Equipment Essentials
You do not need expensive equipment to have a transformative stargazing experience in Saudi Arabia. The skies do most of the work. That said, a few essentials make the difference:
Photography Tips for Desert Astrophotography
Saudi Arabia’s dark skies reward astrophotographers generously. The key settings for Milky Way photography are a wide-angle lens (14–24mm), a maximum aperture of f/2.8 or wider, ISO between 1600 and 6400 depending on your camera’s noise performance, and an exposure of 15–25 seconds (use the 500 rule: divide 500 by your focal length to find the maximum exposure before stars trail). A sturdy tripod is essential — even light wind causes blur at long exposures.
For a foreground element — which transforms an astrophoto from a sky record into a composition — Saudi Arabia offers extraordinary options: tent silhouettes, rock formations at AlUla, crater rims, dune ridges. The desert landscape’s geometric simplicity works beautifully against the chaotic texture of the Milky Way.
Safety and Desert Awareness
The same safety principles that apply to wadi walks and desert camping in Saudi Arabia apply to stargazing expeditions. Tell someone your destination and expected return time. Carry at least three litres of water per person per night. Do not venture off-road alone. A portable satellite communicator (Garmin inReach or similar) is strongly recommended if you are going beyond established campsites.
Flash flooding is a real risk in wadi areas during winter, even when the sky above you is clear — a distant storm can send a flash flood down a dry wadi with very little warning. Camp on elevated ground, never in a dry riverbed. Check weather forecasts before departure, particularly in the Hejaz mountain region.
Tip for solo travellers: The organised stargazing programmes run by AlUla’s RCU and the AlNufud Visitor Centre are specifically well-suited to those travelling alone. You get expert interpretation of what you are seeing, purpose-built dark-sky sites, and the security of a guided group — without sacrificing the quality of the sky experience.

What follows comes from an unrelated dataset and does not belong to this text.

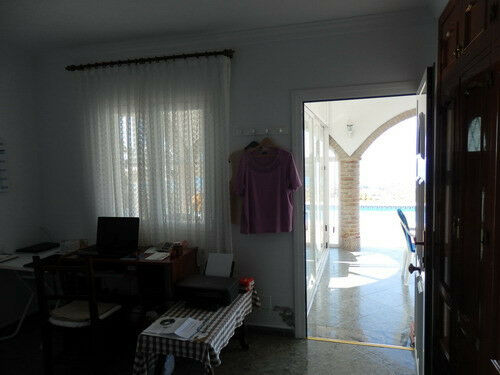 Detached Villa Algarrobo Málaga - image 10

The Tradition of Arabian Stargazing
Stargazing in Arabia is not a modern invention. The Bedouin navigated the Empty Quarter by the stars for centuries before GPS, reading the position of Canopus (Suhail in Arabic) to orient south, and tracking the Pleiades (Al-Thurayya) as a calendar marker for planting and rainfall seasons. Arab astronomers of the medieval period gave permanent names to dozens of the stars that Western astronomy still uses today — Aldebaran, Altair, Rigel, Betelgeuse, Deneb — all Arabic words. Looking up at the Saudi night sky, you are standing at the source of much of what we know about the sky above us.
This history gives desert stargazing in the Kingdom a resonance that goes beyond the purely visual. It connects you to a tradition of close observation — of necessity, precision, and wonder — that shaped civilisation here long before the first tourist arrived.